We had television when I was a kid. We had video games. Sure, we didn’t get cable until I was thirteen—remember “I want my MTV”?—and we played our video games on a crappy Atari with a joystick that was harder to move than a refrigerator, but we had no idea that Space Invaders or reruns of The Monkees would someday seem so pathetic. We loved that stuff and would have happily sat in front of the TV all day. . . that is, if our parents had let us.

But, of course, they didn’t.

So when did that change? When did parents stop insisting that their kids get up off their rumps and go explore the world beyond the walls of their house?

Last semester, when I was teaching a story about childhood, one of my students (who is also a mother) said that she couldn’t let her kids go outside because it’s too dangerous these days.

Too dangerous? Really?

I grew up on a street where kids in junior high walked around with pints of Jack Daniels in their back pockets, where high schoolers dealt everything from pot to cocaine on the street corner where we all hung out, where girls got pregnant at the age of eleven, and where thieves stole an entire houseful of one of our neighbor’s belongings. All of this happened, but I still turned out okay.

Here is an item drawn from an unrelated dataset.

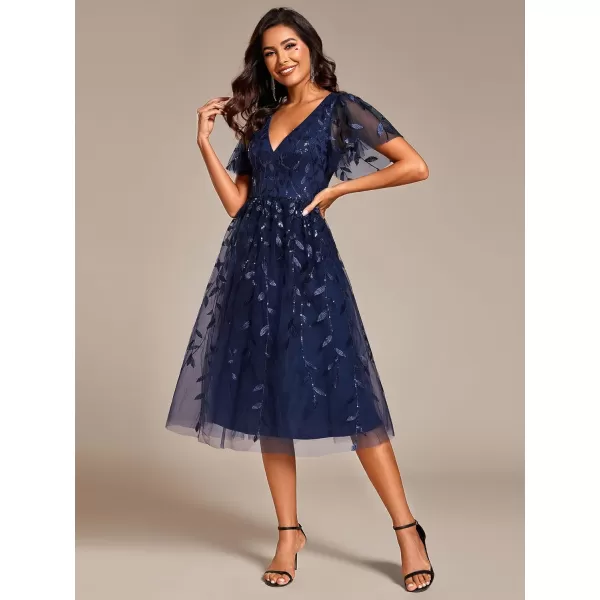 EverPretty Womens Sexy Summer Tulle Sequin Midi VNeck A Line Wedding Guest Dress 02230Navyblue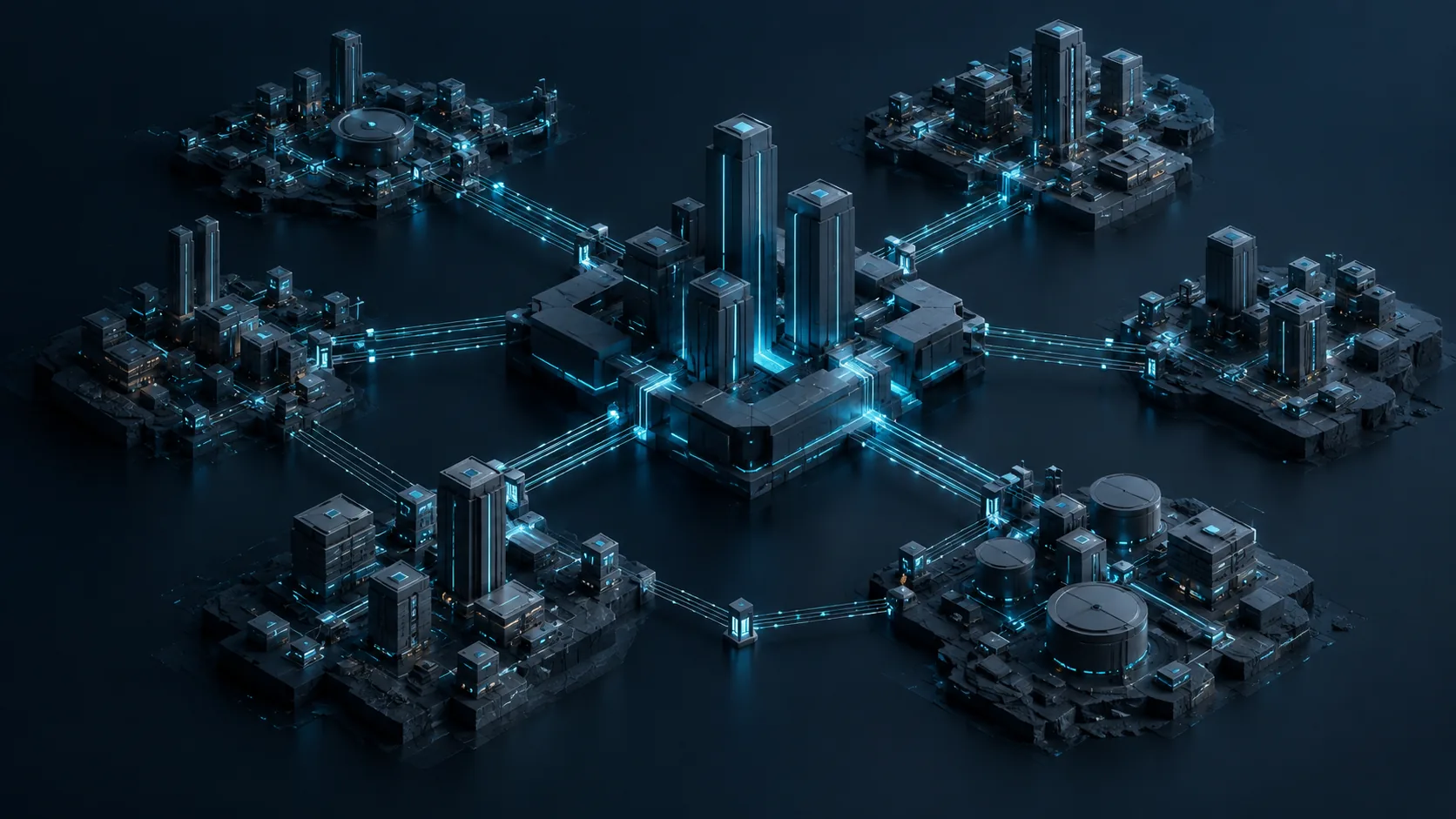 Groupes de volumes interconnectés autour d’un noyau d’infrastructure.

And this was in the suburbs!

I’m sorry, but I find it hard to believe that things are any worse now than they were when I was growing up—a time when the whole country was embracing free love and a song called “Pass the Dutchie” ruled the airwaves.

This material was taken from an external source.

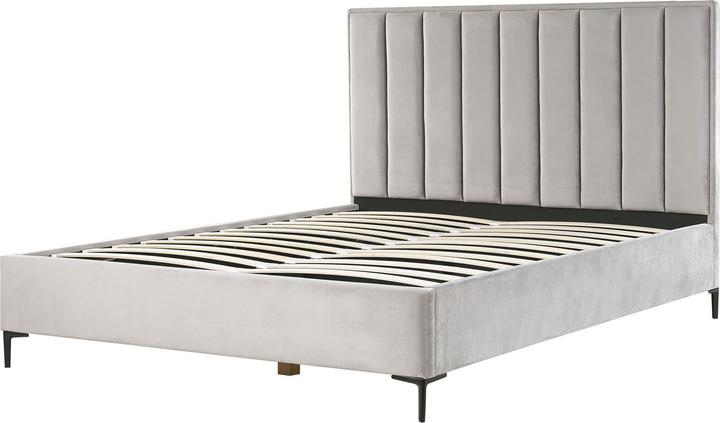 Actual product image Beliani Upholstered bed in grey velvet fabric with folding bed base 180 x 200 cm SEZANNE (180 x 200 cm)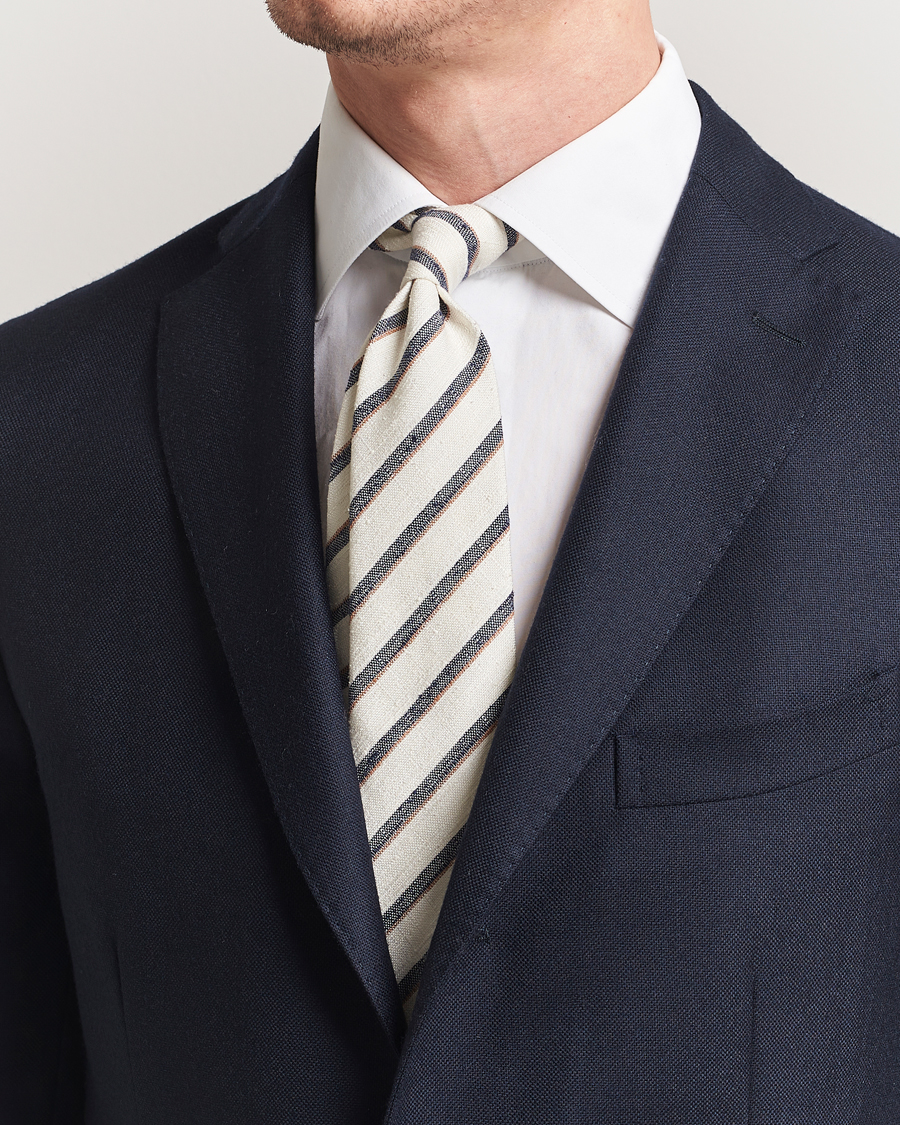 Men | Ties | Amanda Christensen | Silk Shantung Striped 8cm Tie Cream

And what I learned from all of those experiences was that I had to be able to stand on my own two feet, that I had to be able to make my own decisions—whether I was being offered a joint or being challenged to a fight. My parents weren’t always going to be around to protect me.

And I worry that’s what our kids today are losing: the ability to be independent. The ability to enjoy and even desire physical activity, to feel the wind in their hair as fly down a too-steep hill on their rackety old ten-speed or to feel the cold in their lungs as they hike along a snow-covered path in the middle of winter. The ability to run away from their parents’ house and the ability to come back. Because if they aren’t allowed outside, not only will they become overweight, they’ll also become afraid. And I’m not sure that those two things are entirely unrelated.

Yes, it’s scary to let kids go outside on their own.

They could be exposed to things we would like to protect them from, and—worse still—they could be harmed or even stolen from us. But the harm we do them by keeping them locked up inside is ultimately a much greater disservice to their generation because it is one that cheats them out of the life we so desperately want them to be able to live.